Re: [patch 5/5] clocksource: Rewrite watchdog code completely

From: Thomas Gleixner

Date: Sun Mar 08 2026 - 05:53:46 EST


Daniel!

On Mon, Feb 23 2026 at 14:53, Thomas Gleixner wrote:
> On Sun, Feb 15 2026 at 20:18, Daniel J Blueman wrote:
>> On Mon, 2 Feb 2026 at 19:27, Thomas Gleixner <tglx@xxxxxxxxxx> wrote:
>> Good step forward!
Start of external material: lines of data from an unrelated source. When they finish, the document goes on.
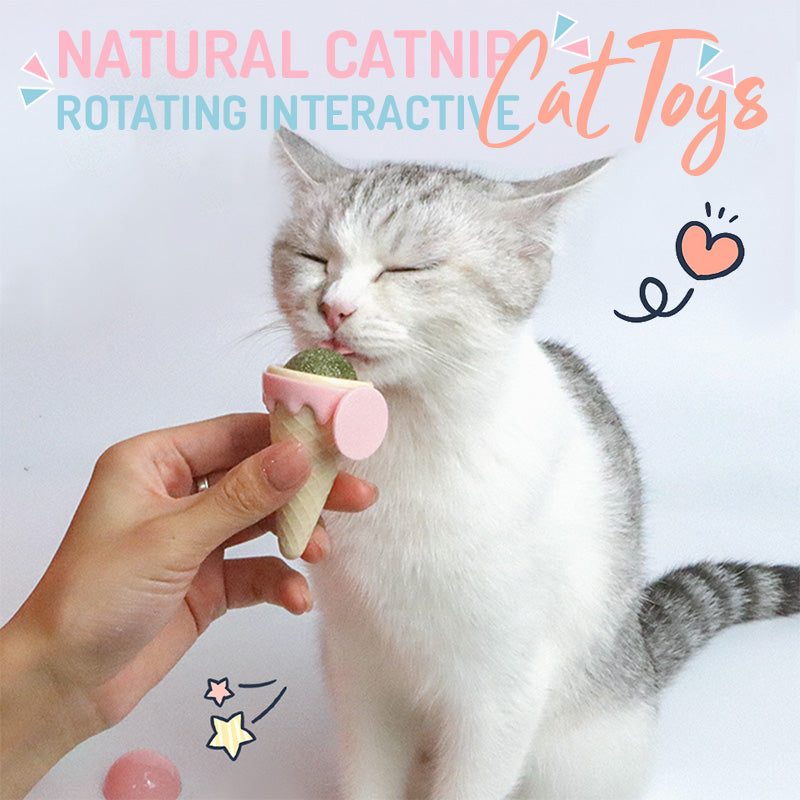 🎅Early Xmas Sales - 50% OFF🎄Icecream Catnip Ball Interactive Cat Toys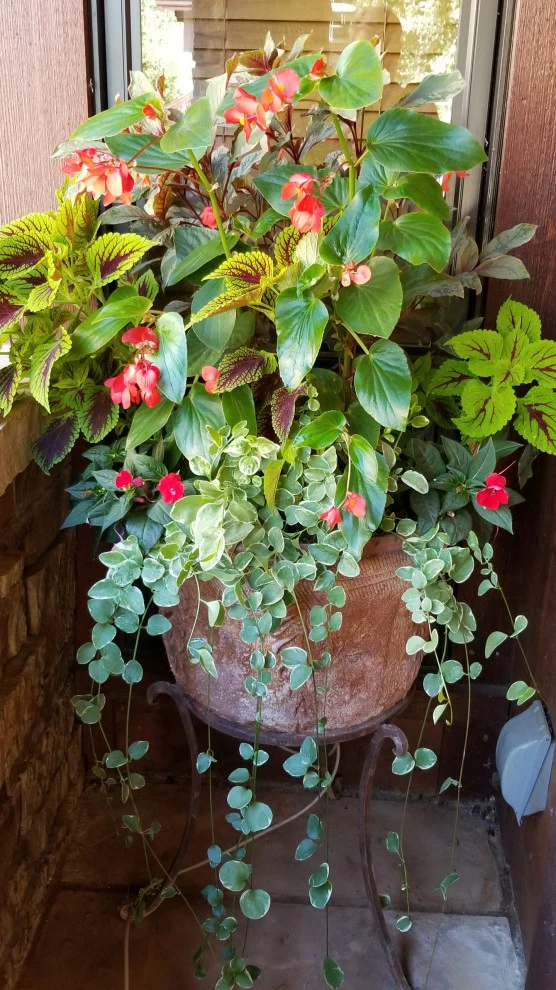 Container Gardens by Earth Songs Gardening - Photo 6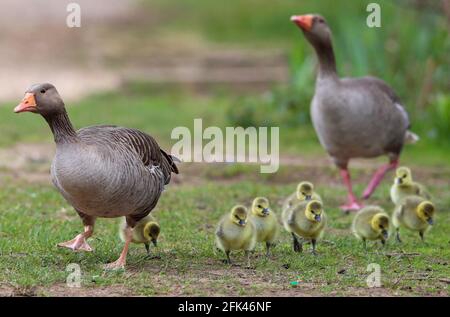 Eastleigh, Hampshire. 28 aprile 2021. Regno Unito Meteo. Le oche di Greylag e i loro pettini in una giornata grigia e frizzante al Lakeside Country Park di Eastleigh, vicino a Southampton, Hampshire. Credit Stuart Martin/Alamy Live News Foto Stock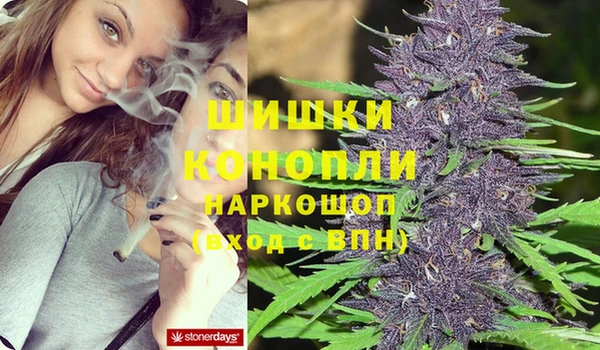 крисы Ельня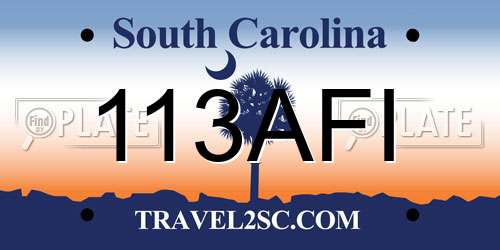 113AFI South Carolina License Plate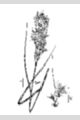 View a larger version of this image and Profile page for Andropogon glomeratus (Walter) Britton, Sterns & Poggenb.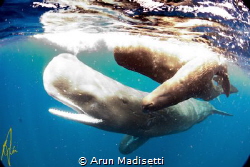 Curse of the Tokina 10-17. Sperm whales, off the coast, t... by Arun Madisetti 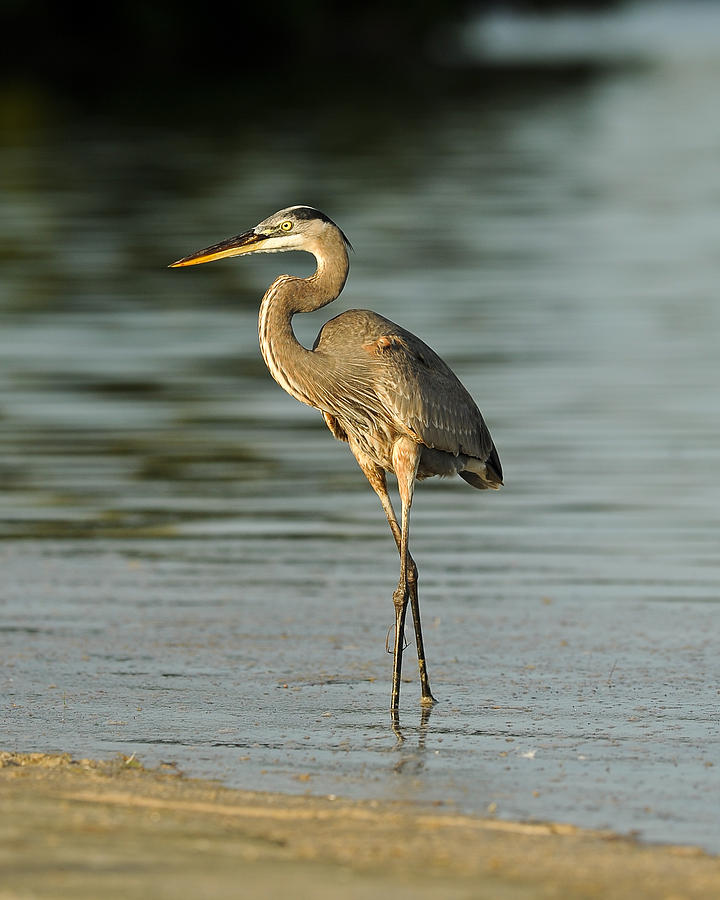 Blue Heron 3 Photograph by Geoffrey Bolte - Fine Art America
We can also reduce remote cacheline invalidation by
>> putting 'seq' into the cacheline after 'cpu_ts' by reordering:
>
> Good point.
>
>> With that said, with your latest change on the 1920 thread setup,
>> WATCHDOG_READOUT_MAX_US 1000 is still needed to avoid timeouts during
>> the previous adverse workload, however some timeouts are still seen
>> during massive parallel process teardowns.
>>
>> To limit overhead, perhaps it is sufficient to set the timeout to
>> 100us, avoid retries (as the hardware thread may continue to be busy
>> and will be rechecked later anyway), and log timeouts at the debug
>> level if at all.
>
> Something like the below should work even with 50us. I left the print at
> INFO level for now. We can either change it to pr_info_once() or to
> debug as you said.

Any chance you can give this a test ride on that 1920 thread
monstrosity?

Thanks,

tglx